I may be biased because I use Anki to study Chinese, an unusually difficult language. The relative merits of Duolingo vs. Anki may be less clear-cut for easier languages like Romance languages where it’s not necessary to learn the language so systematically. In the case of Chinese, grammar is so simple and vocabulary is so hard that vocabulary extension is pretty much the entire game, so optimizing for anything other than vocabulary acquisition can cause you to fail in the long intermediate slog.
What language(s) are you studying?
This makes sense. I prioritize vocabulary over grammer for a couple reasons. [1] You can communicate effectively with vocabulary and without grammar (but not vice-versa) and [2] the difficulty of learning a language’s grammar is far outweighed, in the long run, by the difficulty of learning vocabulary.
It may make sense for someone to start learning with Duolingo and then transfer to Anki (for hard languages) or just reading material in the language (for easy languages). I’m happy to hear that Duolingo works for you.

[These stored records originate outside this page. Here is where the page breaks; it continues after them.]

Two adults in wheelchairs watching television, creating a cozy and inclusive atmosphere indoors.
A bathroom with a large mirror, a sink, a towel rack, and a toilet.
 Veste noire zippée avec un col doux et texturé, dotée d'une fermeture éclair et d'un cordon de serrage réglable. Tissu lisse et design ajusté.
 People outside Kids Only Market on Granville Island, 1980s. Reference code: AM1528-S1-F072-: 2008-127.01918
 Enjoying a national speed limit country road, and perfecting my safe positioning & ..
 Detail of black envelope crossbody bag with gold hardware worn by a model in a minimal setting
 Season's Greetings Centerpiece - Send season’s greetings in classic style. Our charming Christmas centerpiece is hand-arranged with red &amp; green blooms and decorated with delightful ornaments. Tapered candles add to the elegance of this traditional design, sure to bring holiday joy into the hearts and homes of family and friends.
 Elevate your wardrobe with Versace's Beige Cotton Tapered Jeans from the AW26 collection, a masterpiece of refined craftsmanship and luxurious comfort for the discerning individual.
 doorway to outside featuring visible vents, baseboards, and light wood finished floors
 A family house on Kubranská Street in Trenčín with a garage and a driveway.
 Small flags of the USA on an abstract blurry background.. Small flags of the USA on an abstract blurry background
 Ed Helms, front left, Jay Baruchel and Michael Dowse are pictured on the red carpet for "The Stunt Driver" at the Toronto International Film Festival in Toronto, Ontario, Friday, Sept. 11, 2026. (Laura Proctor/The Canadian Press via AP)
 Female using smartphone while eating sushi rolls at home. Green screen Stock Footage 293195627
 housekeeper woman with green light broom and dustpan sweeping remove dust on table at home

Starting with Duolingo might be OK, but it’s very bare-bones and unlike the real deal of having thoughts in a language and then expressing yourself. In fact, I recommend not using it after you have a rudimentary grasp of the language.
Try entering full sentence-to-sentence cards in Anki. At first, you won’t be able to write good sentences on your own, so use a sentence-search service for that (I don’t remember what they’re called, but at the least you can use the example wordreference sentences). Over the course of a year, I input all the thoughts I’d had that day which I couldn’t translate. By learning to produce words in-context instead of memorizing the multilingual dictionary, I began to run out of additions to the Anki deck. That exercise gave me near-fluency, which has persisted to this day.
So, I think Anki is suited for nearly everything except oral skills. Plus, spaced repetition saves time.
Also, you might try an app like Tandem. If you’re single, try learning to be interesting in the foreign language—it’s naturally motivating, and both of you can chalk up any awkwardness to mistranslation. :)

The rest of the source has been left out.